# Dataset excerpts
——

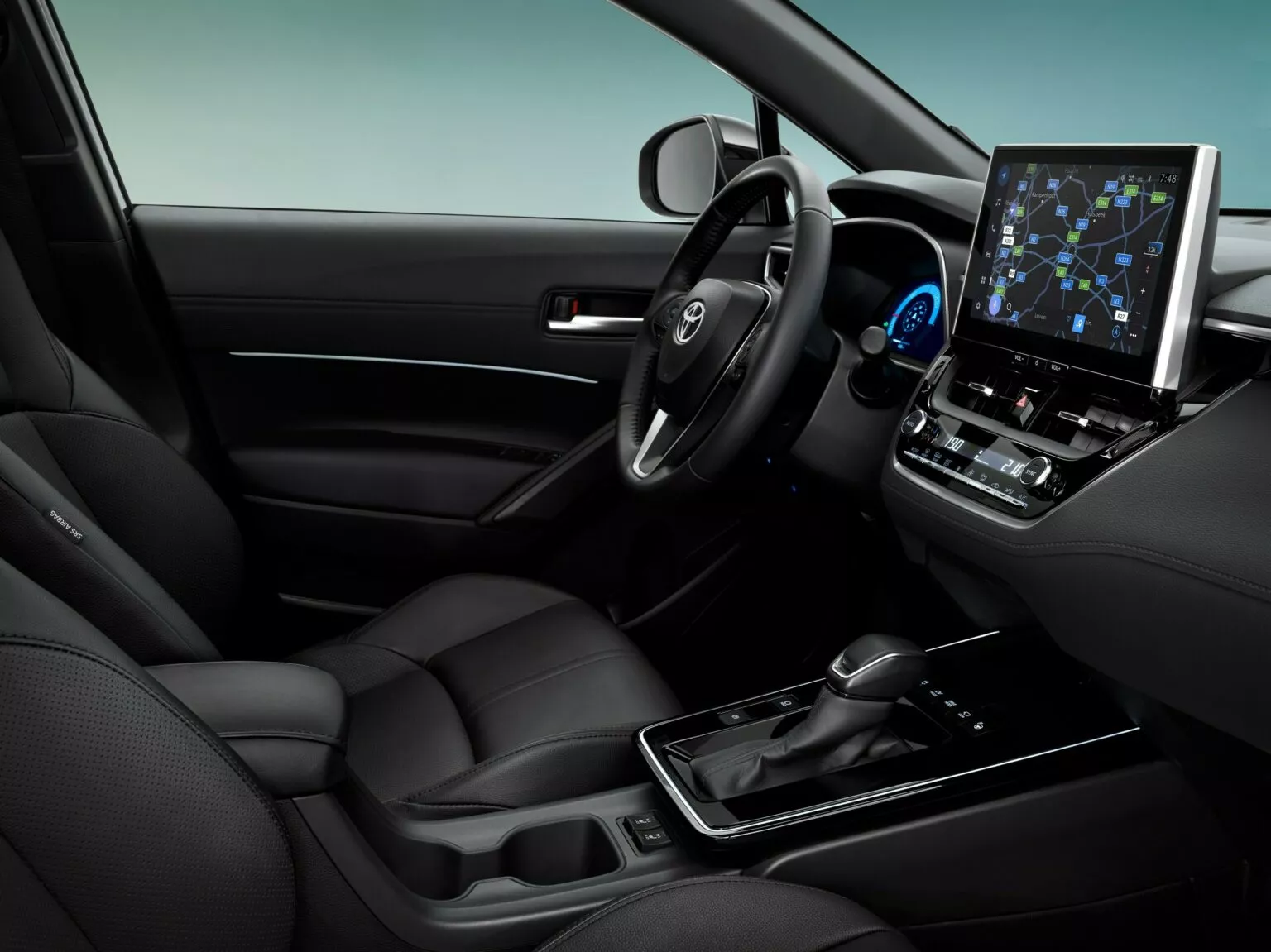 2025 toyota corolla cross 25 1536x1151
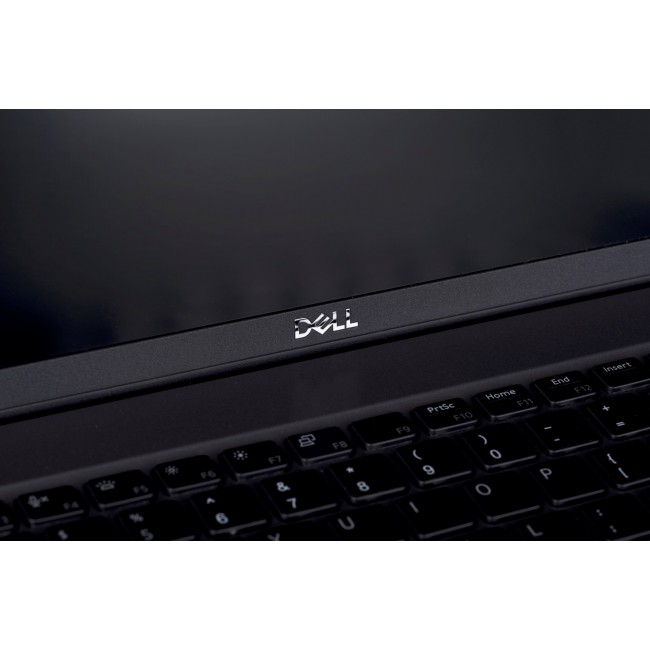 DELL LATITUDE 5520 i5-1135G7 16GB 256SSD 15,6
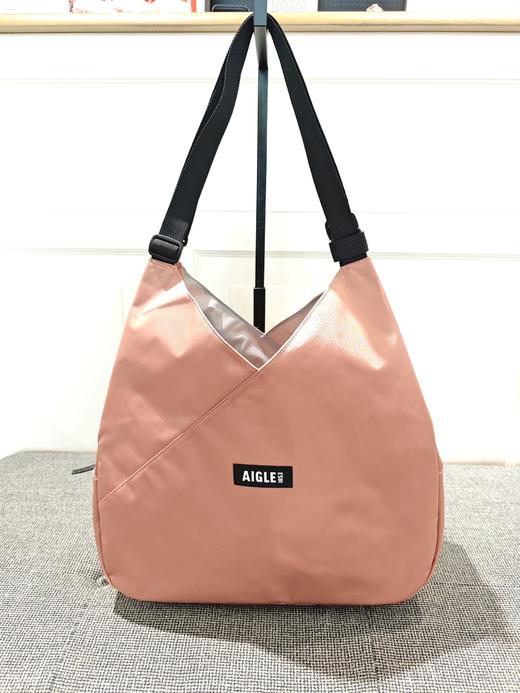 艾高 斜挎包中  BN062-F . 商品图0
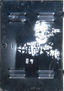 stencil gas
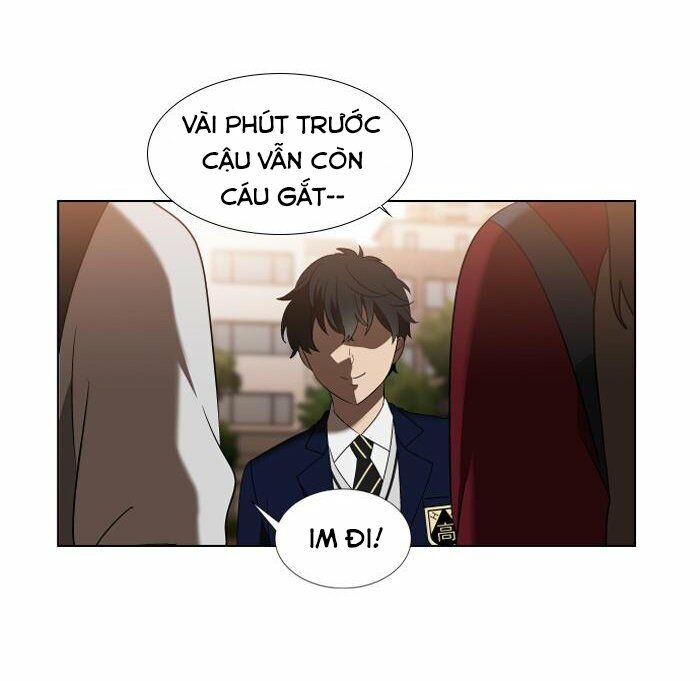 Nó Là Của Tôi Chapter 7 - Next 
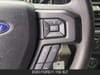 18 thumbnail image of  2020 Ford F-150 XLT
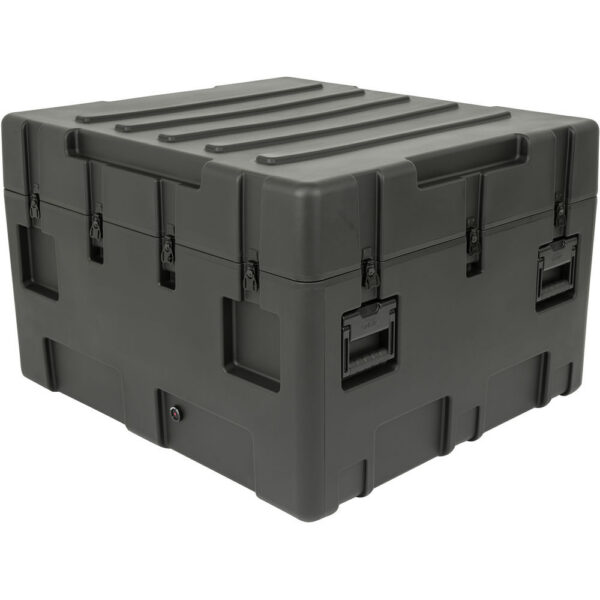SKB R-Series 3834-23 Waterproof Utility Case (38 x 34 x 23") view 6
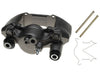 Disc Brake Caliper Raybestos Brakes FRC11778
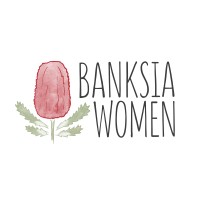 Banksia Women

——

# Brief
What you return must match the records above exactly, minus any images.

# Completed task
 2025 toyota corolla cross 25 1536x1151
 DELL LATITUDE 5520 i5-1135G7 16GB 256SSD 15,6
 艾高 斜挎包中  BN062-F . 商品图0
 stencil gas
 Nó Là Của Tôi Chapter 7 - Next 
 18 thumbnail image of  2020 Ford F-150 XLT
SKB R-Series 3834-23 Waterproof Utility Case (38 x 34 x 23") view 6
 Disc Brake Caliper Raybestos Brakes FRC11778
 Banksia Women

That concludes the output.